Problem to solve: Check every line of the entries that follow, and copy the ones containing "exponential".
*** Opening of Given data ***
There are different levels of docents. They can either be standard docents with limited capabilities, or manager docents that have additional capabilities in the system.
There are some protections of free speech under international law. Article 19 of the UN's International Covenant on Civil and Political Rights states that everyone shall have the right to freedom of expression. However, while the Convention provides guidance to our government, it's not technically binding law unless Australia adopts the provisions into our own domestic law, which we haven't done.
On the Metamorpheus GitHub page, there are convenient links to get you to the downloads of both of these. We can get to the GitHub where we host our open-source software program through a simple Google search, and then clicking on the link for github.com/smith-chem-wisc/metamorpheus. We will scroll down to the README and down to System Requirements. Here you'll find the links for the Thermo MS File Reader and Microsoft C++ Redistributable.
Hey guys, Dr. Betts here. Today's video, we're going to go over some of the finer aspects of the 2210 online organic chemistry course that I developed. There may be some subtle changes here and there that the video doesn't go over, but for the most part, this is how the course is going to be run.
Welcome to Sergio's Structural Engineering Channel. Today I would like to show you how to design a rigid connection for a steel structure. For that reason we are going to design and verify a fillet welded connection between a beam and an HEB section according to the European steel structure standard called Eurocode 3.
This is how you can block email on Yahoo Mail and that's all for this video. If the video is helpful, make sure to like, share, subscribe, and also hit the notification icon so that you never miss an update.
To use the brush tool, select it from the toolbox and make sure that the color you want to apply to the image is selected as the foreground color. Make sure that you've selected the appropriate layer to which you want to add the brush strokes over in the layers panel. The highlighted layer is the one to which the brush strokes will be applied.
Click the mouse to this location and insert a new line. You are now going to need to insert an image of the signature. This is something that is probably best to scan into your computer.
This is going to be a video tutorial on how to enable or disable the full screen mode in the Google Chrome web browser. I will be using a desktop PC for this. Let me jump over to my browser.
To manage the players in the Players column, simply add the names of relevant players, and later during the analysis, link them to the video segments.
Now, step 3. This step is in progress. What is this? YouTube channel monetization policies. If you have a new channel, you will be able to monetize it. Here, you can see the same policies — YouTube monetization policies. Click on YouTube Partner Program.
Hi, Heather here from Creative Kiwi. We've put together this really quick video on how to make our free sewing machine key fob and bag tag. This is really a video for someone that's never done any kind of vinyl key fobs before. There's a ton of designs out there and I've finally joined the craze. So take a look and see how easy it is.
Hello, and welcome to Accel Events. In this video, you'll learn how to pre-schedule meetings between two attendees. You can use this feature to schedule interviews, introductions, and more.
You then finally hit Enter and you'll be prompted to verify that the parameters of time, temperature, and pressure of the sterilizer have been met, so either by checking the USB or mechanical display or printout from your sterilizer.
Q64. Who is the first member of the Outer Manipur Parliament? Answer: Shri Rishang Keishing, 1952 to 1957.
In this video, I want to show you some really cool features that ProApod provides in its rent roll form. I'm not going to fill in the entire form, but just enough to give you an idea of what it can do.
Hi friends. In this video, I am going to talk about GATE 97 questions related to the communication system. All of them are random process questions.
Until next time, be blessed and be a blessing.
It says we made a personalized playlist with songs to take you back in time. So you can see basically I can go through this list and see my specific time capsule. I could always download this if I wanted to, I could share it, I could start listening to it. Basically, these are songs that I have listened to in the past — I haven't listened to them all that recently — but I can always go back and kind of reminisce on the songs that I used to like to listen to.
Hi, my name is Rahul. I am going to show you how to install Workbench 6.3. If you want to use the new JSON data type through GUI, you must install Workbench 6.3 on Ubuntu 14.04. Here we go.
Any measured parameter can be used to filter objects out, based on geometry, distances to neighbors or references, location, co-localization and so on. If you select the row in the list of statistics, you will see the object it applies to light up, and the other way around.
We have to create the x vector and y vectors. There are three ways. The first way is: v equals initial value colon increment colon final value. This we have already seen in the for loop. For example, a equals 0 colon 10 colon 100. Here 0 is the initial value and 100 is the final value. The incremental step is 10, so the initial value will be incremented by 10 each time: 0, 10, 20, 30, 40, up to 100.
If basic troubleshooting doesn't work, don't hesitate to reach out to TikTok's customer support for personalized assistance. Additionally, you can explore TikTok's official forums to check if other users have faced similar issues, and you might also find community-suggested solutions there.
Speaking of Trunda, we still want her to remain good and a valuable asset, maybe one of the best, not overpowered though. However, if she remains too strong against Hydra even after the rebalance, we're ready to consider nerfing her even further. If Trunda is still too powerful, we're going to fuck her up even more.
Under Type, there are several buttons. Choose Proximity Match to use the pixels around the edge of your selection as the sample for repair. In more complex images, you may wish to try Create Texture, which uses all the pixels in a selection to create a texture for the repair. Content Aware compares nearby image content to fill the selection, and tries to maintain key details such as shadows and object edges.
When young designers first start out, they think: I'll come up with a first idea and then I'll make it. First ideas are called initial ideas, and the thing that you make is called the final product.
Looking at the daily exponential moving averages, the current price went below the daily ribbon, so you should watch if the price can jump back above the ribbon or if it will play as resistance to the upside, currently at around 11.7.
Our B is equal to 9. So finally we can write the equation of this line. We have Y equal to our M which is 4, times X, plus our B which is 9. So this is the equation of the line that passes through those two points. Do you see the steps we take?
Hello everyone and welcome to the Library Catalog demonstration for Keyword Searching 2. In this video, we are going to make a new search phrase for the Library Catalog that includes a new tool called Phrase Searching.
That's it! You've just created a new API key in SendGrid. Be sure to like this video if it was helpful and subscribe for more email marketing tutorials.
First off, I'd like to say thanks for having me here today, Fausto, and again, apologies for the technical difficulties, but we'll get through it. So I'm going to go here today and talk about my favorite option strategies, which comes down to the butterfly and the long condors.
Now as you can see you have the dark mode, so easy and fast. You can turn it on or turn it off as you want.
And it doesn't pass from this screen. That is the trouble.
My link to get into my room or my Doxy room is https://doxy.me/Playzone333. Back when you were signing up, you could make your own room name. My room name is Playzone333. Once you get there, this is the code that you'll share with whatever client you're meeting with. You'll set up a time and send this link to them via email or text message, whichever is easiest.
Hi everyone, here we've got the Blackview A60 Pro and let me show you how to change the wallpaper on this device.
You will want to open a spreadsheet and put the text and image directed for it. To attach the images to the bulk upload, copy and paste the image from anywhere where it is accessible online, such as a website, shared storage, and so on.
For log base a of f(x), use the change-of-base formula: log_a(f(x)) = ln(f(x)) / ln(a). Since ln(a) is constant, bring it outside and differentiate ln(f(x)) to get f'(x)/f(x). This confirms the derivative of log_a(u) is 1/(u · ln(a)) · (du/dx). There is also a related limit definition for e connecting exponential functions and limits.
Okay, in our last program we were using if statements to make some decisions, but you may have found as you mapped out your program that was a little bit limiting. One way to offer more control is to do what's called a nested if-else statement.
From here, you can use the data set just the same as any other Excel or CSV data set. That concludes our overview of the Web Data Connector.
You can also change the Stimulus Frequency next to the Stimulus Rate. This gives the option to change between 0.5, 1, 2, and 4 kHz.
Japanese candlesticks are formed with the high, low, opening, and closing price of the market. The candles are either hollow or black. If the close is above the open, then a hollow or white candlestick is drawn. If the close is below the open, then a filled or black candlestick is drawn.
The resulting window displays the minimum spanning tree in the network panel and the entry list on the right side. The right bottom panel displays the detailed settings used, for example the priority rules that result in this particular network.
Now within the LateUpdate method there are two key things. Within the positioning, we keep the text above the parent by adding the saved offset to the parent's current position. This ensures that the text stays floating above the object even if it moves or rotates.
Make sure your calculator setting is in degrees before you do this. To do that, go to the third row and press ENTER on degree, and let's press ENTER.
*** Close of Given data ***
Solution:
Looking at the daily exponential moving averages, the current price went below the daily ribbon, so you should watch if the price can jump back above the ribbon or if it will play as resistance to the upside, currently at around 11.7.
For log base a of f(x), use the change-of-base formula: log_a(f(x)) = ln(f(x)) / ln(a). Since ln(a) is constant, bring it outside and differentiate ln(f(x)) to get f'(x)/f(x). This confirms the derivative of log_a(u) is 1/(u · ln(a)) · (du/dx). There is also a related limit definition for e connecting exponential functions and limits.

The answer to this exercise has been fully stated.